The news wasn’t completely unexpected or shocking. Mad magazine’s last issue will be published next month.

After that we’ll have to get our humor and satire from the likes of Jon Stewart, Colbert and the others, all of whom owe their success to the “usual gang of idiots” that was the Mad staff for almost seven decades.

My memory, not too reliable, tells me the first issue arrived via the U.S. Postal Service wrapped in a “plain brown envelope,” just like the other sleazy stuff advertised on the back pages of comic books – ads for lonely hearts clubs, Charles Atlas body-building plans, and those titillating ads for “naughty” playing cards.

Living in the middle of the country in the middle of the last century was not as idyllic as it appeared on the surface. Sure, Americans enjoyed the highest standard of living in the world. We had refrigerators, washing machines, appliances galore. But there was a dark side: The Cold War. The threat of nuclear annihilation. You couldn’t escape it. At school there were drills in case the Russians attacked us. We practiced duck and cover in the school’s basement. Bomb shelters sprang up like mushrooms after a fall rain.
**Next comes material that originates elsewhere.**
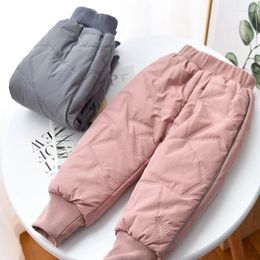 Trousers 2023 Autumn Winter 1-8Y Children Leggings Warm Pants Girls Thick Ski Boys Four Layers Padded Fleece Cotto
The result was, we lived under a kind of schizophrenia that kept stress levels high and was our constant companion. On the surface we had “things,” we could afford more things. But under it all lurked a darkness that no one would acknowledge.

Into that darkness like a comet was this scrawny, dumb-looking comic book, about 28 pages or so. It was Mad, on its cover Alfred E. Neuman, the original dweeb, or nerd. So irreverent. So unabashedly not classy. The artwork on the cover shouted to us that inside was real, truly original art: artists like Wallace Wood and Will Elder became known for drawing irreverent stuff on cartoon chests. Like “How’s your mom, Ed?” Or Neuman’s favorite: “What, Me Worry?” The slogan for the times, which would soon change.
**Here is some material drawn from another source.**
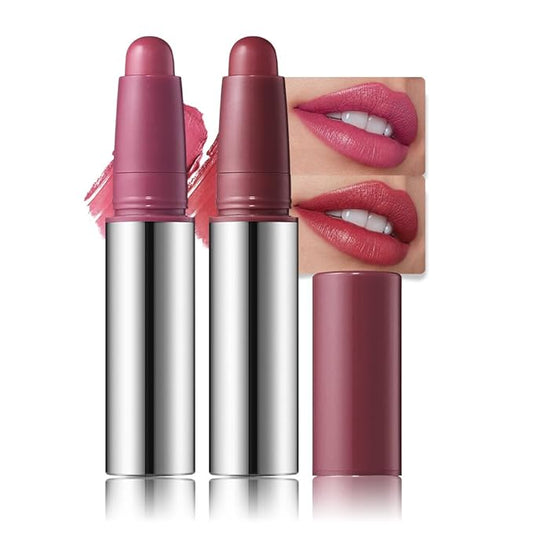 JUAAZIN 2Pcs Matte Lipstick Crayon - High Pigment Creamy Formula, Waterproof Long Lasting, Smooth Glide Application, Non-Sticklipstick, Ultra Thin Lightweight, Velvet Matte Lip Feel for Women 02#+04#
It was great. Terrific artists, wonderful writers of satire. Superman became “Super-Duper Man”  and still couldn’t get a date with Lois Lane, who often said, “So he’s Superman, he’s still a creep.” And then there were the clean-cut teenagers of the Archie Comics – Jughead, Betty and Veronica, well behaved as if they just got off American Bandstand.

Here’s how paranoid life was back then: One spring day I was walking with my mother down a busy street in my neighborhood and suddenly my mother’s hand tightened on my arm as we passed a harmless-looking man standing as if lost in the crowd.
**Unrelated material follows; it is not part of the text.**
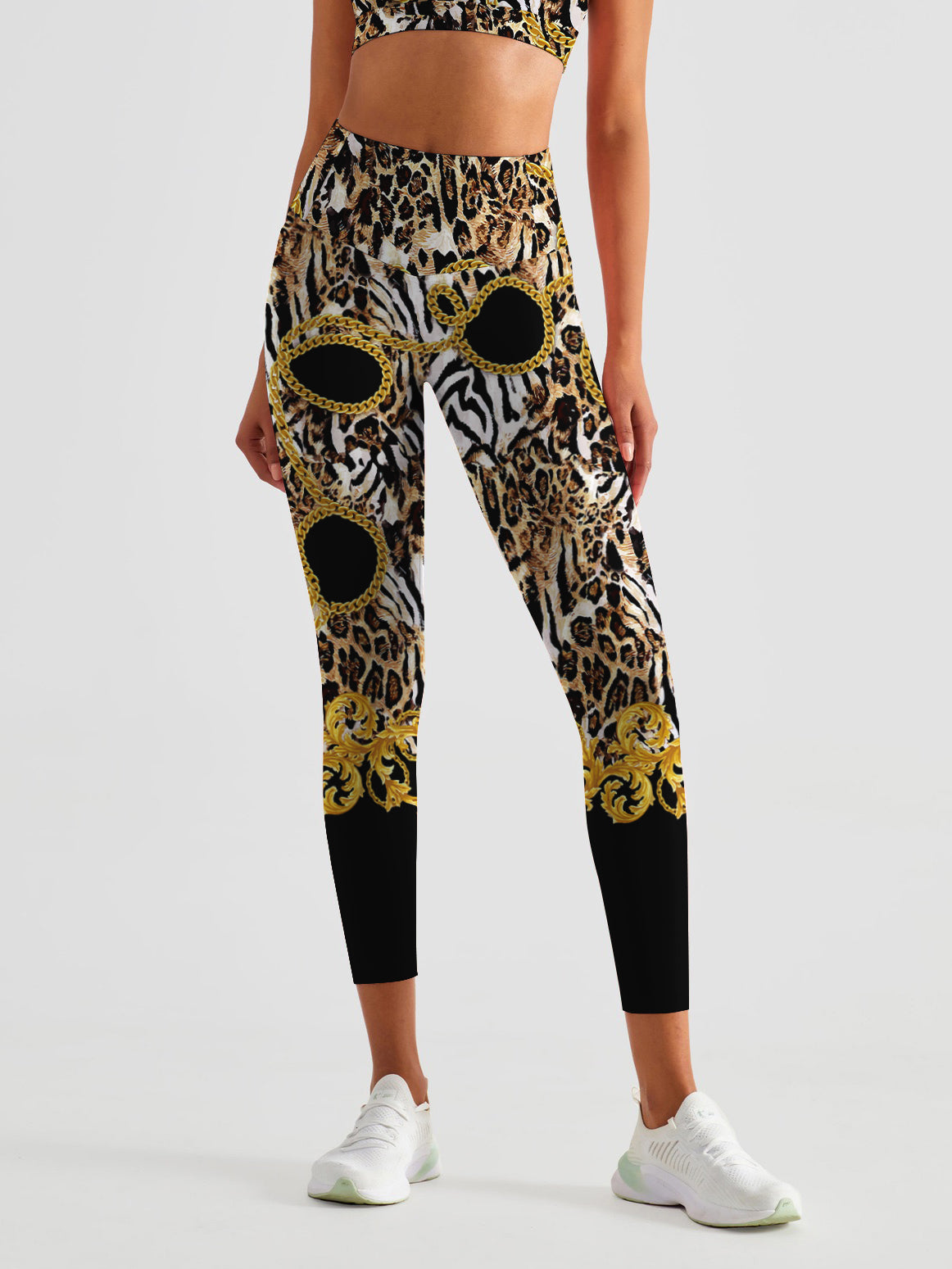 Animal leopard print gold chain leggings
“He’s a Communist,” my mother whispered, as we made a wide arc around him.

A popular television show was “I Led Three Lives,” about a common man who was secretly a Communist. Every week we’d see average people getting hustled away by the FBI. They all looked just like my parents and other everyday people.

There was the Congressional Committee on Juvenile Delinquency, which took Mad to task for not being in step with the rest of society; i.e., aren’t we happy with all these things? They took it upon themselves to create the Comic Codes Authority, a quasi-government agency that would approve all comic books to make sure they toed the party line (sound familiar?) The editors of Mad wriggled out of censorship by adding a few centimeters to the page size and suddenly Mad comics became Mad magazine and escaped the censorship.

So for Mr. Neuman, a toast: “What, Me Worry?”